Every day, we look forward to receiving the email that says, “Sorry, parents, we’ll turn everything upside down once again.” In this article, we’ll talk about the Omicron variant and how it’s forcing students to return to virtual classrooms.
When my girls’ Wisconsin school system announced that it would be shifting to virtual classes at the beginning of 2020, I couldn’t help but see the positive. There’d be more time for the kids to get some shut-eye. Parent drop-off and pick-up in the parking lot were not an issue. While working from home, I spent more time with my children and prepared them everything I had pinned on Pinterest. We, of course, had a lower risk of contracting the virus.
In the beginning, virtual learning seemed like a brilliant idea.
Distance study had many advantages, but I was utterly unprepared for the consequences. Adaptability and resilience are two qualities that children possess. Even though this would be a transition period, wouldn’t it be interesting, novel, and exhilarating? Wrong.
Our school district has recently discussed the possibility of becoming remote again as the number of Omicron cases continues to climb. As a result of the pandemic-induced personnel shortages, this is still the situation in districts, notably in Washington and Tennessee. There is no way I can go through it again if our community doesn’t go remote again.
I’m reminded of the nearly one-and-a-half-year period I became a tutor, chef, and referee (my girls started bickering more than ever before). On top of that, I had to keep up with all of my projects.
That time and energy I thought I’d reclaim by having them stay at home? Not so much. That, unfortunately, did not occur. Does the thought of working with them and gaining knowledge from their experiences excite you at all? In other words, it’s safe to say that Google has become one of my most trusted and reliable sources of information.
The phrase “overwhelmed” hardly scratches the surface of my feelings. On most days, I felt as if I were drowning. I couldn’t give my all to anyone because I was being pushed in many places. I could not concentrate, and my life began to spiral out of control.
Many parents have encountered this situation. We made it to the other side of the tears and tantrums of breakdowns and exuberance. Even if I’m speaking for myself, I can’t go through with it again.
At long last, I’m beginning to feel more at ease in my professional life. Even though the girls are no longer afraid to leave the house, they’ve re-established a morning routine. Even when schools began to switch to virtual classrooms to slow the Omicron outbreak, we were concerned.
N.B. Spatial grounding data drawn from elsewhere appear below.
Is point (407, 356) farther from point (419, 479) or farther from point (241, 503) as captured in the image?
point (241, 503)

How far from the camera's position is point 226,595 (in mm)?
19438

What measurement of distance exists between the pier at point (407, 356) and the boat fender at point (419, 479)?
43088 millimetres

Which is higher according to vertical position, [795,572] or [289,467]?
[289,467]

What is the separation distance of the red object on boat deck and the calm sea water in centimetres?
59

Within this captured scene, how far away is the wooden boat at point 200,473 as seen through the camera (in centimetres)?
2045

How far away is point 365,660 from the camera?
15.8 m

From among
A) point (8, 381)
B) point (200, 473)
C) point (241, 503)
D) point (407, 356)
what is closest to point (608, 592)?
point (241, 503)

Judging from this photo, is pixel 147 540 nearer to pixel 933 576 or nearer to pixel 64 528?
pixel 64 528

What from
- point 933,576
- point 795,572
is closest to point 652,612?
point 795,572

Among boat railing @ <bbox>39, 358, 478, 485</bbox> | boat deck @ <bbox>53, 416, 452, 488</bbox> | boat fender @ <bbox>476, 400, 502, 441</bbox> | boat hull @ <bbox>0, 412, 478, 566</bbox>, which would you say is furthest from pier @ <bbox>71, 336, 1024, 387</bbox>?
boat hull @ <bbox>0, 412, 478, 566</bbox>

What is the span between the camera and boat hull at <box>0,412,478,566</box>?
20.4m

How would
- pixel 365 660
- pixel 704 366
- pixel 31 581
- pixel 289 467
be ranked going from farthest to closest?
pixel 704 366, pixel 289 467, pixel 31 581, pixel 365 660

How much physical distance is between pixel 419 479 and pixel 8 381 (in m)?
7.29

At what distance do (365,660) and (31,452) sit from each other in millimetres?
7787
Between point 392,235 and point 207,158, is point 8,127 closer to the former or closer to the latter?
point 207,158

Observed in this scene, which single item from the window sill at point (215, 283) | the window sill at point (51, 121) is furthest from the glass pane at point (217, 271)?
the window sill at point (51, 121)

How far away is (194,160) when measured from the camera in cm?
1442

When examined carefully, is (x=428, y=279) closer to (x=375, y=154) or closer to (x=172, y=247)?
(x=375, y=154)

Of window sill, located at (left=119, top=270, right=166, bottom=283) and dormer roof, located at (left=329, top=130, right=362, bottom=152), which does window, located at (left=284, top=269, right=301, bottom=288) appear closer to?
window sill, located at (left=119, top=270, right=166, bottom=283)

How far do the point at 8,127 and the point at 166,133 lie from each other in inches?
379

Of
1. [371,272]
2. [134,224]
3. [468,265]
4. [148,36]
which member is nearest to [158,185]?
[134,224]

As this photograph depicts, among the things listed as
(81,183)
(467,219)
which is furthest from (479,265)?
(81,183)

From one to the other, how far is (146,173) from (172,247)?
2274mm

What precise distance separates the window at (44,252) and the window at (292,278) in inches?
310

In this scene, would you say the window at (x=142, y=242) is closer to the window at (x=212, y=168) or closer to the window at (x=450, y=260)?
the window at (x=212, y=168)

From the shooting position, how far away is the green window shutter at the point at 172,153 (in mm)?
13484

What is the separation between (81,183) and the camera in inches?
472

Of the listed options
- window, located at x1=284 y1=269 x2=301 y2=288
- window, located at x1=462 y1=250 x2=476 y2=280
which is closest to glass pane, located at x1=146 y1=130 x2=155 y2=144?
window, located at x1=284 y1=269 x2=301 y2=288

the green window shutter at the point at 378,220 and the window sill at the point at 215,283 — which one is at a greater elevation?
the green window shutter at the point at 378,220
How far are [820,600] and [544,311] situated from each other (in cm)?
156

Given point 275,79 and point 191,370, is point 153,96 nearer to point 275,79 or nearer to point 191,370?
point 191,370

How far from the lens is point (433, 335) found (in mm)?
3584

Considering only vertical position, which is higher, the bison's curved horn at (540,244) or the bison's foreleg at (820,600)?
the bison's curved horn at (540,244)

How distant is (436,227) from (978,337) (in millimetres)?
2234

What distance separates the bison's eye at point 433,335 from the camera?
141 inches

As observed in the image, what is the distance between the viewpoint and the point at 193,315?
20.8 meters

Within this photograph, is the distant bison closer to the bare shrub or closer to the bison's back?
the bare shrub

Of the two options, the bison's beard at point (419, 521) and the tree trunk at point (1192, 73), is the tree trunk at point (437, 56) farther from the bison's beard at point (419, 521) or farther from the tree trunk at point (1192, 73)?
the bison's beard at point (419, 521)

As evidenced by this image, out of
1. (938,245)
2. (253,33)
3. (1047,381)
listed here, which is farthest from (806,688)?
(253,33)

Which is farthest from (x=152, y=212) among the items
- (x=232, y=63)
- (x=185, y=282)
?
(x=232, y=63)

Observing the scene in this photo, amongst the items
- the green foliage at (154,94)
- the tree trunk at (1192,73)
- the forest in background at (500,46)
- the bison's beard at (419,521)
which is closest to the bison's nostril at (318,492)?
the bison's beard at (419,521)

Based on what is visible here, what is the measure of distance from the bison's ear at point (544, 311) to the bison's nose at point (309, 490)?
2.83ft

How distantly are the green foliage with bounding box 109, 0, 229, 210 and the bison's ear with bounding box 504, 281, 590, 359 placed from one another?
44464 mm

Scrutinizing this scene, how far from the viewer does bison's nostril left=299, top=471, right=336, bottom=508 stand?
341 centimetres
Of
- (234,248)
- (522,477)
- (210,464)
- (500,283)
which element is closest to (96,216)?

I was enraged at first. Angry at everyone who didn’t take the necessary procedures to keep themselves safe. And angered that they can’t see beyond their narrow self-interest in making a point. Because of their efforts to keep the community secure, my daughters suffer due to their actions. “We’re all in this together,” you say?
It is critical to allow my daughters to experience all of their emotions, no matter how difficult they may be. Putting a name on what they’re feeling will help them deal with it and move on. That’s what we did, so there you go.
My girls screamed and wailed when they initially realized they would be separated from their teachers and classmates. Because of her anxiousness, my eldest wept herself to sleep, and it crushed my heart in a million pieces. But we talked about it, as well.
Discussed virtual learning’s challenges and disappointments. As the situation is constantly changing, we’re talking about how best to deal with each of those feelings. I don’t think it’s wrong or shameful to feel this way. To be honest, that makes sense, and I applaud them for being so open about it.
We’re just hanging on for the ride, eagerly anticipating the email informing us: Sorry, parents, but we’re about to turn everything upside down. As a result, the answer is no. I can’t do virtual learning again as a mom. My children can’t either.